▸ **EXERCISE**
Required from the data below: the exact lines starting at the line containing "Nain Alfombra Ref 163143" and ending at the line containing "ADUM3223ARZ-RL7 Analog Devices product image ADUM3223ARZ-RL7", with both ends kept and all pictures dropped.

▸ **INPUT DATA**

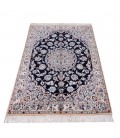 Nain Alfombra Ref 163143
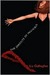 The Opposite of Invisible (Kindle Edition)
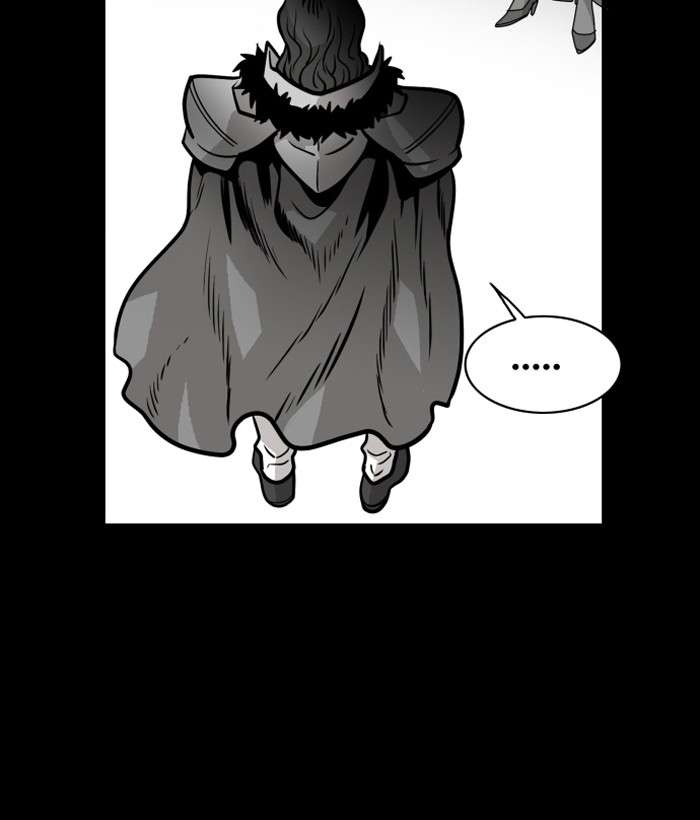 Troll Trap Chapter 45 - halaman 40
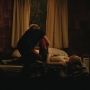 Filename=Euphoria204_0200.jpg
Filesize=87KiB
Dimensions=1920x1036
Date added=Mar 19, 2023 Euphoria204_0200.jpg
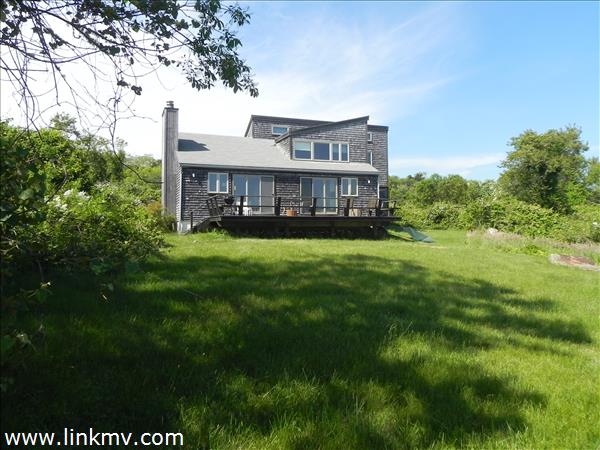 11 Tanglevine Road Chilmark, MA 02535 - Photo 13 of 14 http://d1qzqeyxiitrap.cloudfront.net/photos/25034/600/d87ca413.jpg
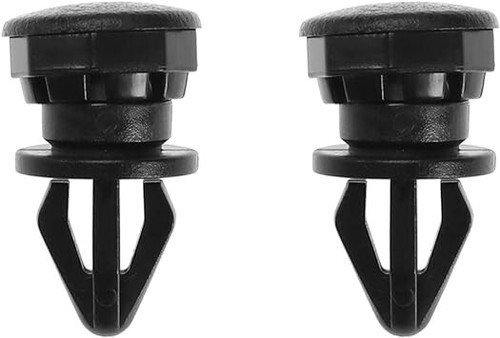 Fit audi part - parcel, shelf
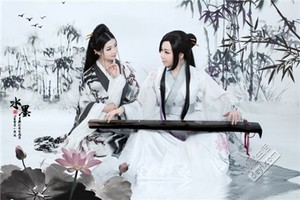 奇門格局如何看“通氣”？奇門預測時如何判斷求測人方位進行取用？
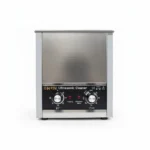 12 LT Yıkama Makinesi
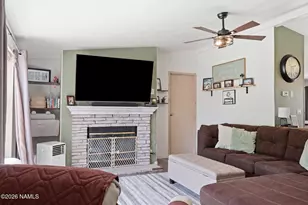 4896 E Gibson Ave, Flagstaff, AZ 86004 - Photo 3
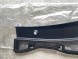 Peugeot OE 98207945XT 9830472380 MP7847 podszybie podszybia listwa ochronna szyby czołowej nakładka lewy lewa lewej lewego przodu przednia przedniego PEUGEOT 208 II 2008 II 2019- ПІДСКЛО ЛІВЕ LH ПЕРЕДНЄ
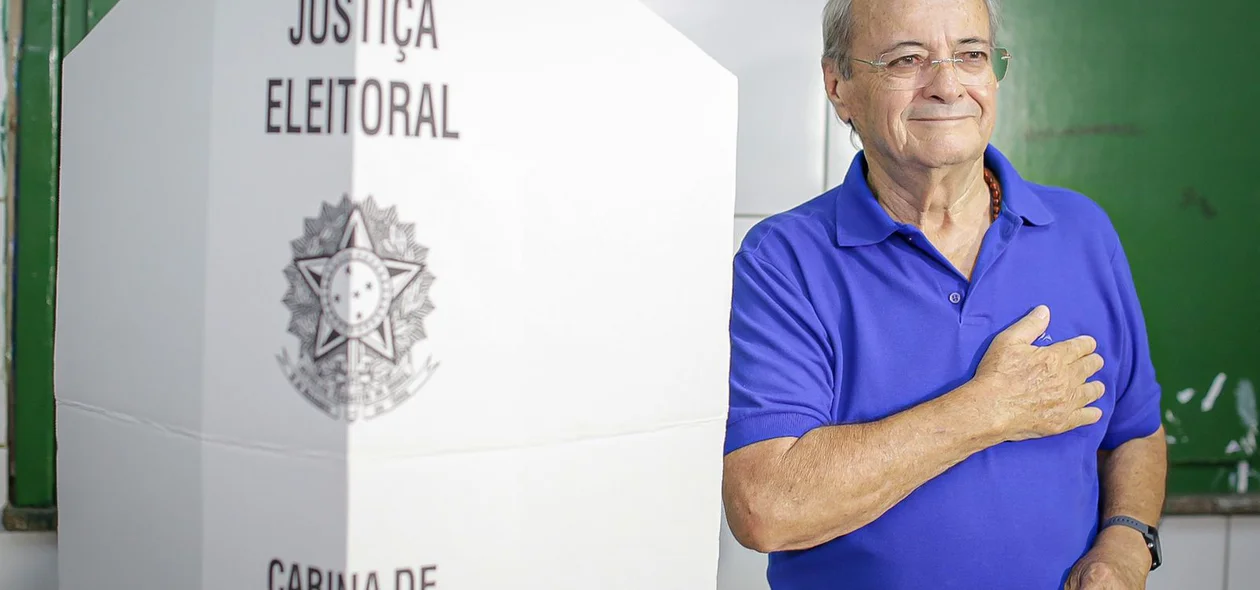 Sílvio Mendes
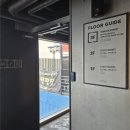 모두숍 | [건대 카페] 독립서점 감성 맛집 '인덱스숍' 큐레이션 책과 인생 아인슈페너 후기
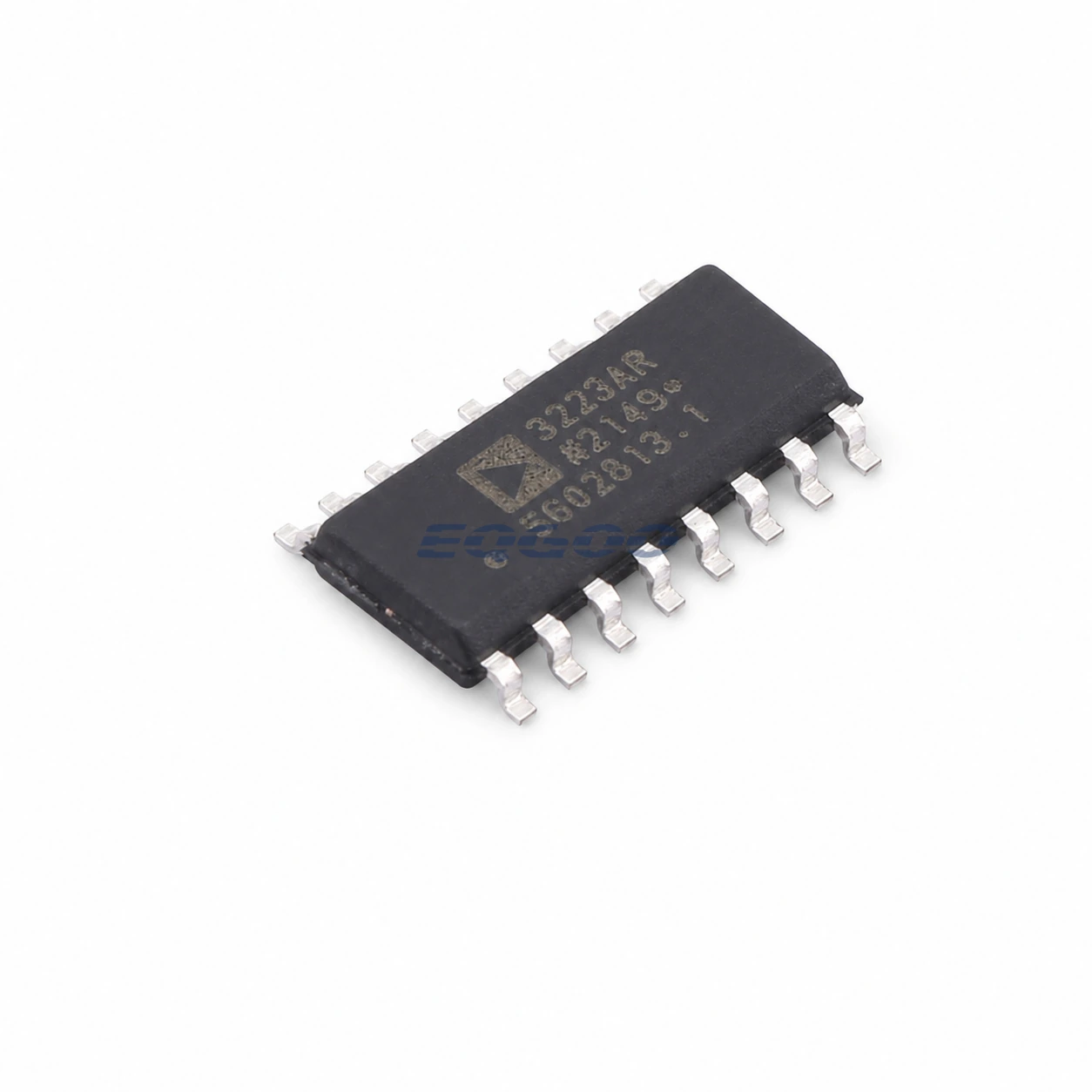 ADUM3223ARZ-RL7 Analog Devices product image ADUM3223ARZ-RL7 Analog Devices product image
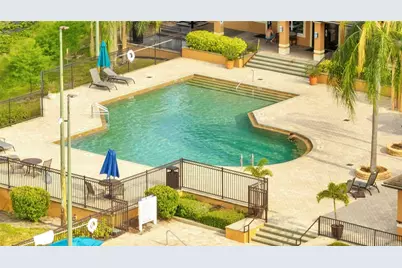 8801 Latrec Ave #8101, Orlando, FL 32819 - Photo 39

...

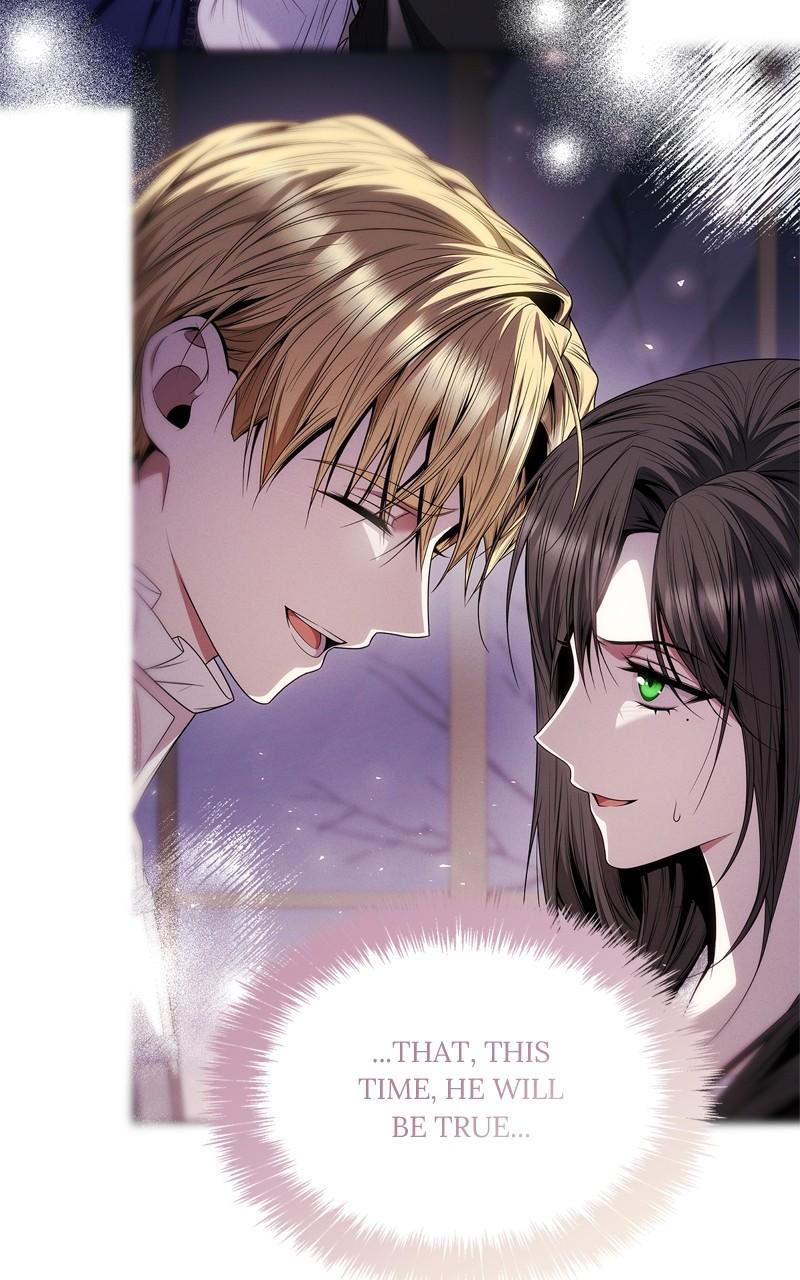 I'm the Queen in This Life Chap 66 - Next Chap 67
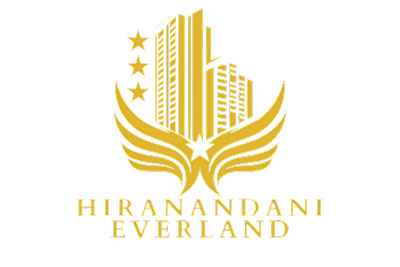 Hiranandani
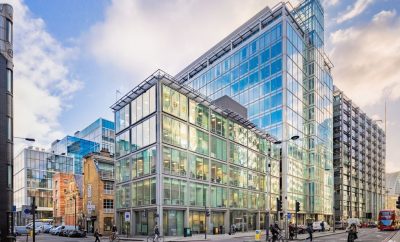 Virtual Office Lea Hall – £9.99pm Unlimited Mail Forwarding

...

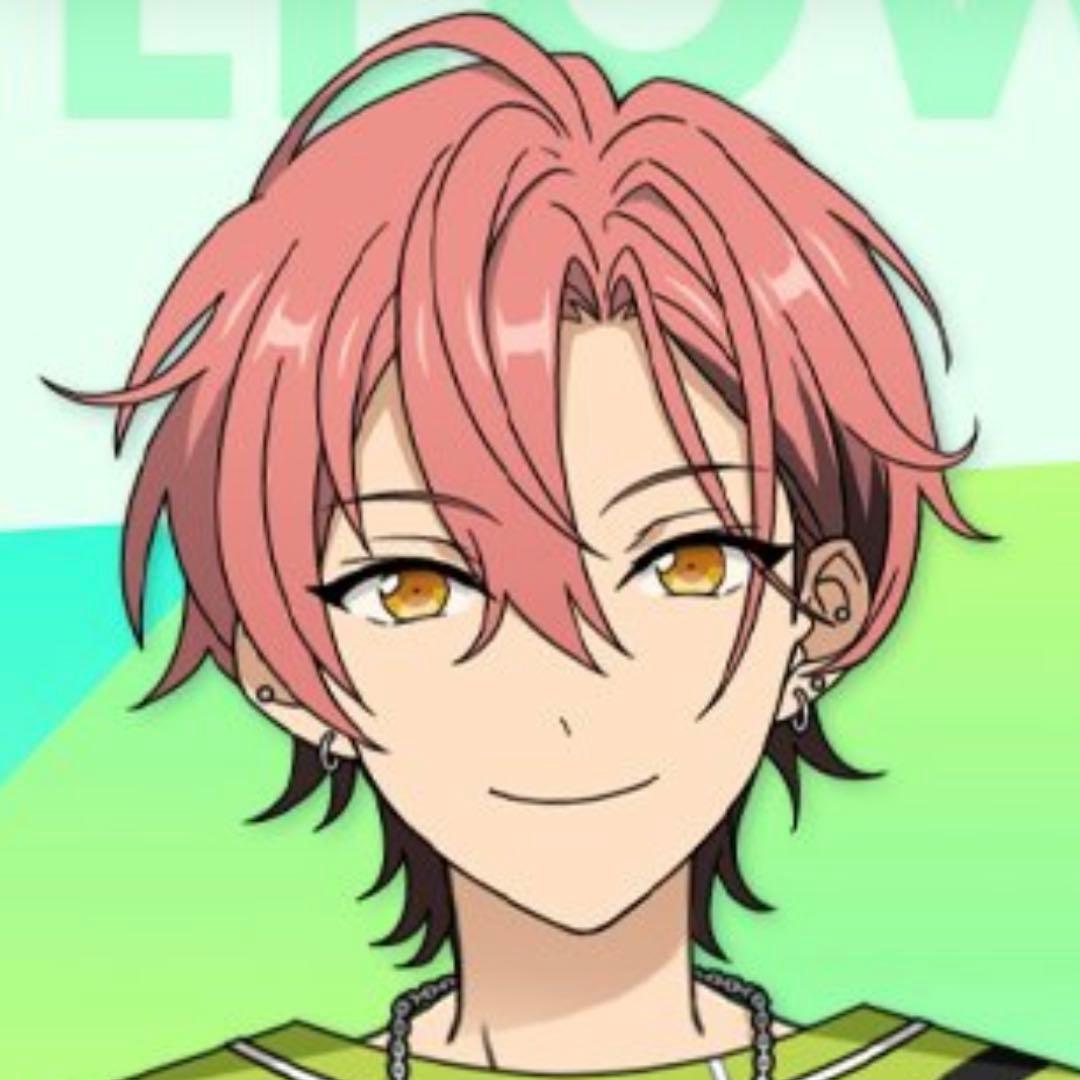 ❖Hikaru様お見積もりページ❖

▸ **SOLUTION FOR THIS TASK**
 Nain Alfombra Ref 163143
 The Opposite of Invisible (Kindle Edition)
 Troll Trap Chapter 45 - halaman 40
 Filename=Euphoria204_0200.jpg
Filesize=87KiB
Dimensions=1920x1036
Date added=Mar 19, 2023 Euphoria204_0200.jpg
 11 Tanglevine Road Chilmark, MA 02535 - Photo 13 of 14 http://d1qzqeyxiitrap.cloudfront.net/photos/25034/600/d87ca413.jpg
 Fit audi part - parcel, shelf
 奇門格局如何看“通氣”？奇門預測時如何判斷求測人方位進行取用？
 12 LT Yıkama Makinesi
 4896 E Gibson Ave, Flagstaff, AZ 86004 - Photo 3
 Peugeot OE 98207945XT 9830472380 MP7847 podszybie podszybia listwa ochronna szyby czołowej nakładka lewy lewa lewej lewego przodu przednia przedniego PEUGEOT 208 II 2008 II 2019- ПІДСКЛО ЛІВЕ LH ПЕРЕДНЄ
 Sílvio Mendes
 모두숍 | [건대 카페] 독립서점 감성 맛집 '인덱스숍' 큐레이션 책과 인생 아인슈페너 후기
 ADUM3223ARZ-RL7 Analog Devices product image ADUM3223ARZ-RL7 Analog Devices product image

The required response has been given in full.